To provide a firm basis for the new paradigm of drug discovery based on peptide-cleaving catalysts, oligopeptide-cleaving catalysts were searched for by using human angiotensin I (Ang-I) and angiotensin II (Ang-II) as the substrates. Catalyst candidates containing the Co(III) complex of cyclen as the catalytic center were prepared by multicomponent condensation reactions. From two types of chemical libraries containing about 3,600 catalyst candidates, two compounds [SS-Co(III)X and S-Co(III)Y] were selected as the most active catalysts. On incubation with SS-Co(III)X and S-Co(III)Y, both Ang-I and Ang-II were cleaved by oxidative decarboxylation instead of peptide hydrolysis: the N-terminal Asp residues of Ang-I and Ang-II were converted to pyruvate residues. Catalysts for oxidative decarboxylation of the N-terminal Asp residue contained in an oligopeptide are unprecedented in both biological and chemical systems. Detailed kinetics analysis suggested that Ang-I and Ang-II can be cleaved with half-lives much less than 1 h if the structures of the chelating ligands of the catalysts are further improved. The results indicated that the concept of the peptide-cleaving catalysts can be expanded to include oligopeptides as the targets and nonhydrolytic reactions as the means for cleavage.

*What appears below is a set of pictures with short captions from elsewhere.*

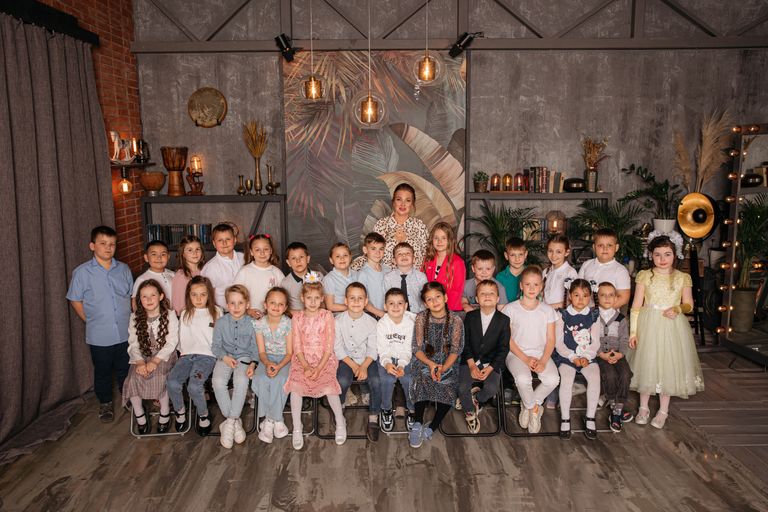 Обложка Большая фотокнига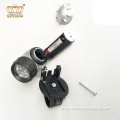 New Lightweight High Power Led Moving Bike Headlight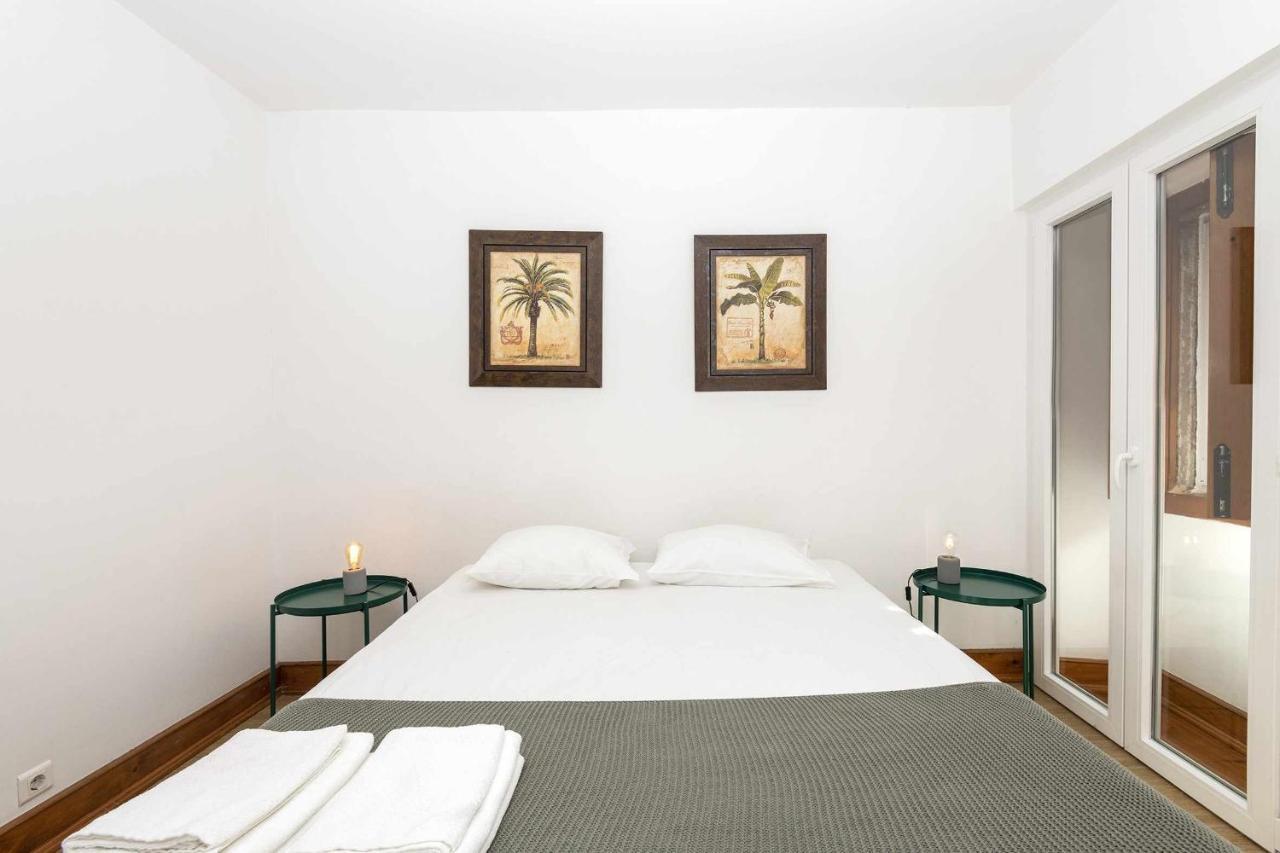 Typical Portuguese Apartment In Sao Bento Lisboa 外观 照片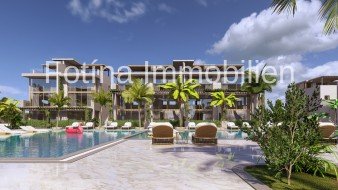 Hauptbild Exklusive 1+1 LOFTS an der Küste mit MEGA-Investment! Health- und Lifestyle-Konzept!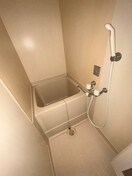 バス／シャワールーム等 ノ－ブルハイム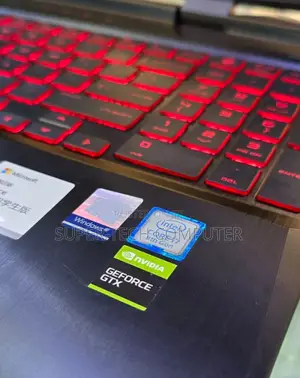 New Laptop HP Omen X 16GB Intel Core I7 HDD+SSD 1T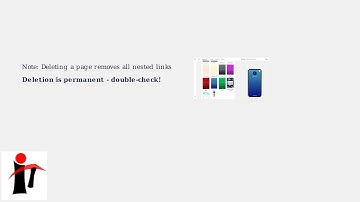 How to Delete or Remove a Link from Linktree – Buttons, Pages & Cleanup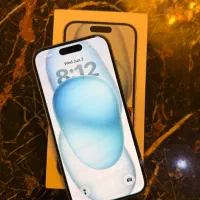 iphone 15 Normal ریجستر|موبایل|تهران, بهاران|دیوار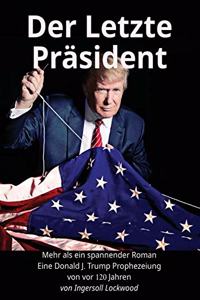 Letzte Präsident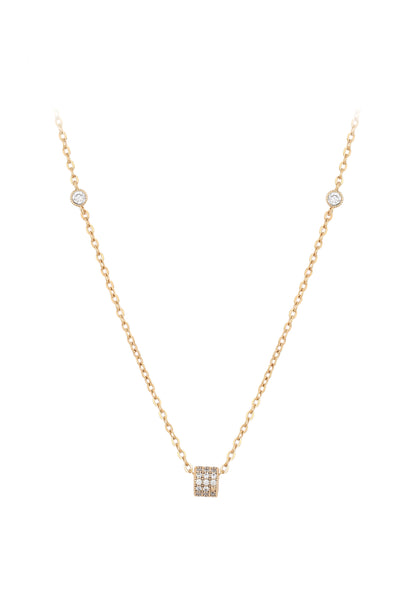 faina Women's Necklace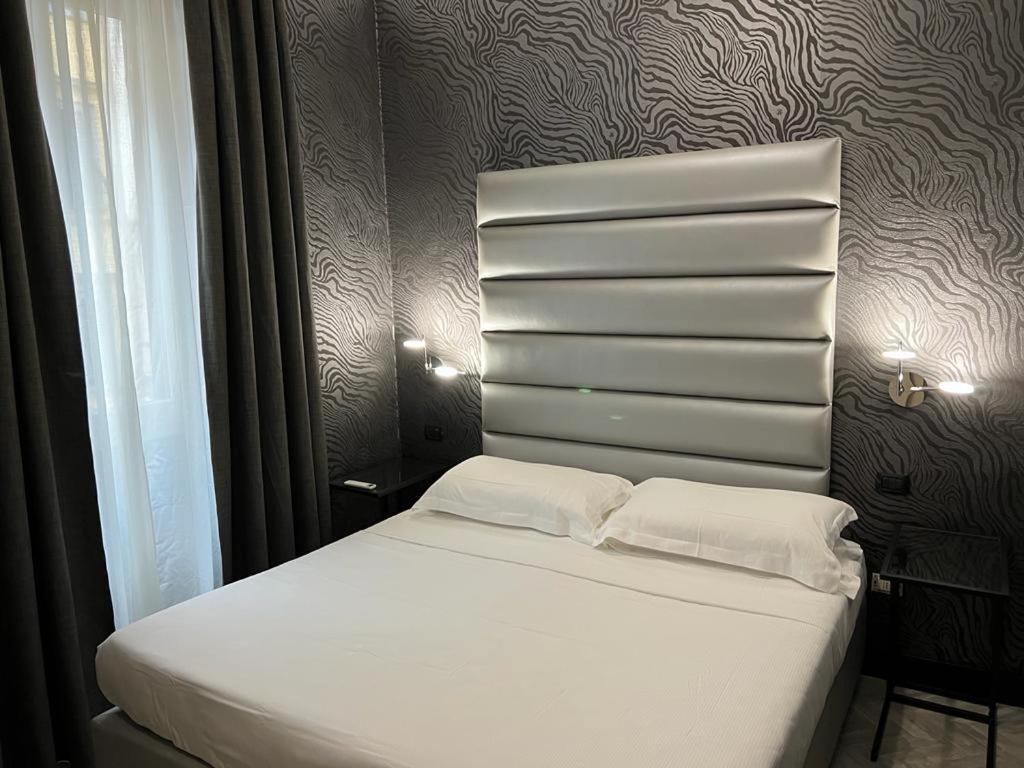 The One Firenze Hotel Buitenkant foto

Metalated hybrid polymers as catalytic reagents for phosphate ester hydrolysis and plasmid modification

Pendant pyrazolylcyclophosphazene containing hybrid cross-linked polymer (CPPL) has been utilized for binding Zn(II). The metalated polymer (CPPL-Zn) has been found to be very effective catalyst for the hydrolysis of a RNA model phosphodiester substrate [2-(hydroxypropyl)-p-nitrophenyl phosphate, hNPP]. In addition, CPPL-Zn also cleaved supercoiled plasmid DNA pBR322 thus providing a novel structural motif of inorganic-organic hybrid polymers as synthetic nucleases.

Toward protein-cleaving catalytic drugs: artificial protease selective for myoglobin

A protein-cleaving catalyst highly selective for a disease-related protein can be used as a catalytic drug. As the first protein-cleaving catalyst selective for a protein substrate, a catalyst for myoglobin (Mb) was designed by attaching the Cu(II) or Co(III) complex of cyclen to a binding site searched by a combinatorial method using peptide nucleic acid monomers as building units. Various linkers were inserted between the catalytic Co(III) center and the binding site of the Mb-cleaving catalyst. Kinetic data revealed catalytic turnover of the Mb cleavage by the Cu(II) or Co(III) complex. MALDI-TOF MS revealed cleavage of the polypeptide backbone of Mb at selected positions. N-Terminal sequencing of the cleavage products identified the cleavage site and provided evidence for the hydrolytic nature of the Mb cleavage. Various chelating ligands were tested as the ligand for the Co(III) center of the Mb-cleaving catalyst. Among the nine chelating ligands examined, only cyclen and its triaza-monooxo analogue manifested catalytic activity.